Updated: Feb 17, 2021

For the last few years I’ve been opening my conference talks with the question; "what do you see in this photo"?

A bird perching in a tree
What do you see? Credit; Jan Wiltshire

So what’s your first thought?

A male redstart (Phoenicurus phoenicurus)? You would be correct, it’s a rarity in most of the UK but a widespread species globally. But what about the endemic species in this photo, the Lancashire whitebeam (Sorbus lancastriensis)? There are many species of Sorbus in the UK, at least thirty of which are globally threatened.

If the first thing you thought of was a redstart (or bird!) that's okay, in fact it's pretty normal! Plants are often seen as the backdrop to the animal’s stage, which may be because plants do suffer the disadvantage that they move very little and for many people, can be hard to tell apart. This does mean however that unfortunately, the majority of people (especially in the global North) suffer from a critical case of plant blindness.

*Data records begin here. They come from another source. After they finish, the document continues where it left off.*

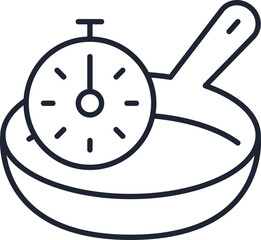 Cooking Time Isolated Outline Icon for Infographic, Banners, Books. Editable stroke for different purpose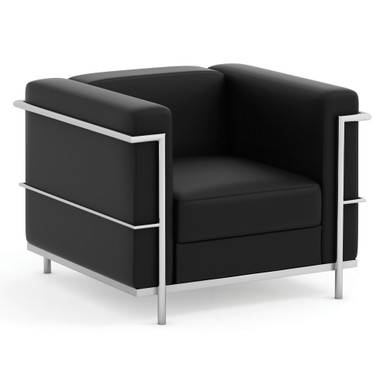 OfficeSource | Madison | Club Chair with Chrome Frame - Light Gray PU Leather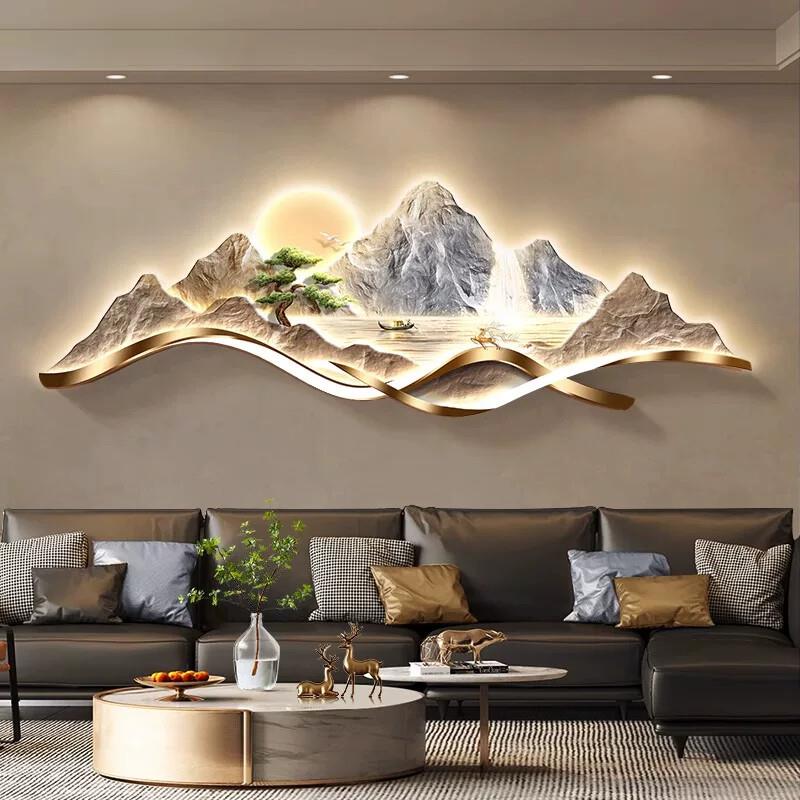 背有靠山客厅装饰画高级感轻奢大气壁画聚宝盆山水画led灯画挂画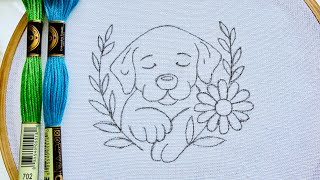 VERY VERY EASY PUPPY HAND EMBROIDERY DESIGN FOR BEGINNERS 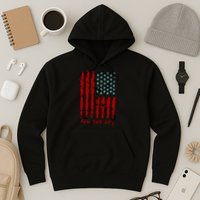 NYC New York City Vintage American Grunge Flag Hoodie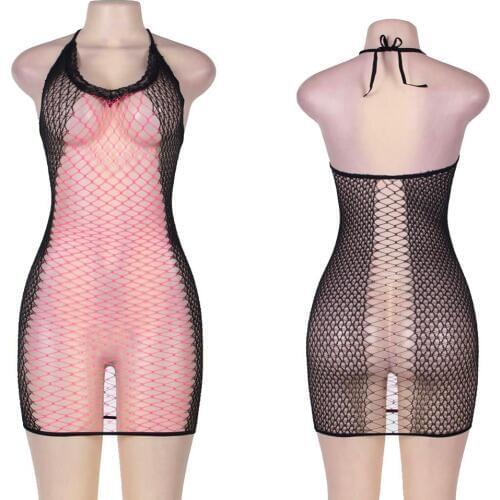 Sexy Women See-through Mesh Halter Chemise Dress Hollow Out Dual Color Bodysuit Teddy Babydoll Lingerie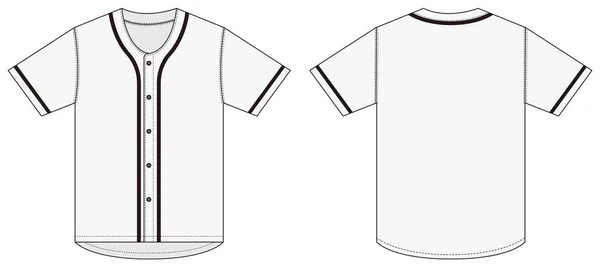 Jersey Shortsleeve Shirt Baseball Uniform Shirt Template Vector Illustration White — Stock Vector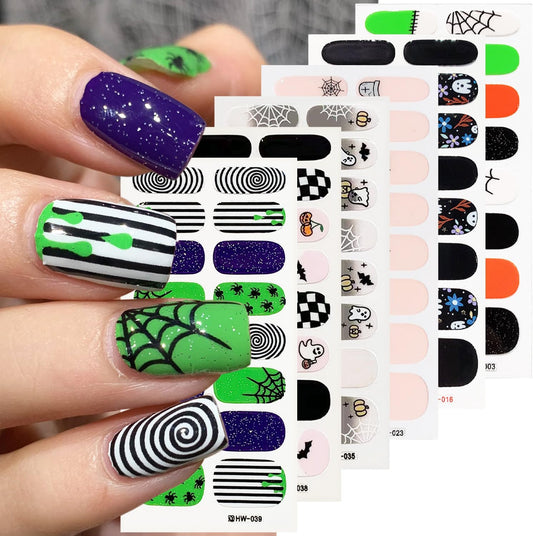 6 Sheets Horror Halloween Gel Nail Wraps Spider Web Flower Ghost Nail Polish Stickers Self-Adhesive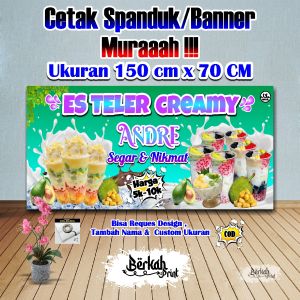 Spanduk Banner Es Teler Ukuran 150 cm x 70 cm
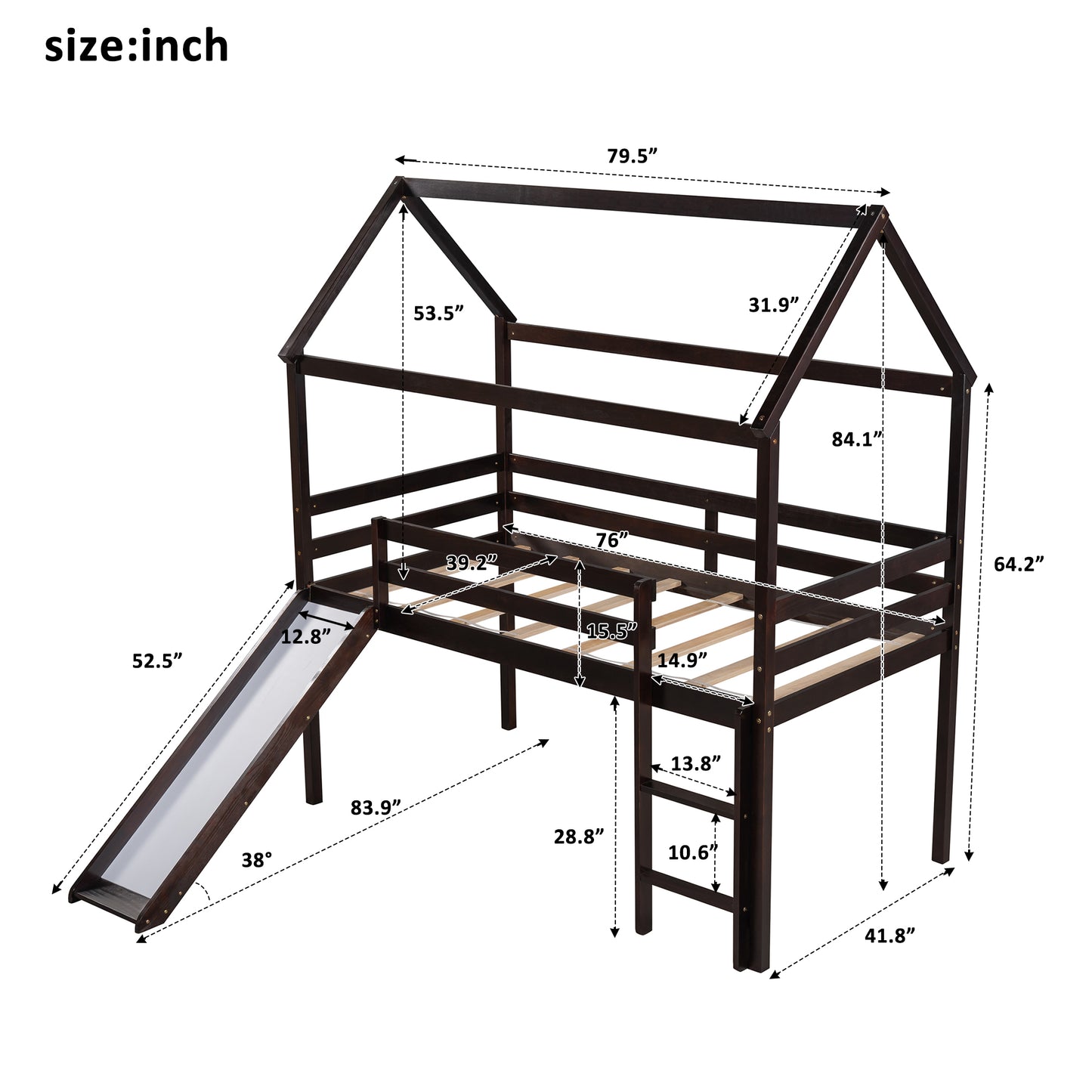 Twin Size Loft Bed with Slide, House Bed with Slide, Espresso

But how does this problem impact rewilding? We first have to evaluate our individual perceptions of the term ‘wildlife’ before we apply it to re'wild'ing.

Are plants wildlife?

Twinflower (Linnaea borealis), a native species found in Caledonian forests suffered declines in the UK during a period of deforestation in the 1930's. Credit; Alastair Rae/Flickr

I still remember the lesson. I was nine-years and our teacher, Mr Douglas, was asking us the question; ‘what makes anything alive?’ This fascinated me as I had never thought about it before. For example, we all know plants are living, but probably rarely stop to think about their ‘aliveness’ (for want of a real word!).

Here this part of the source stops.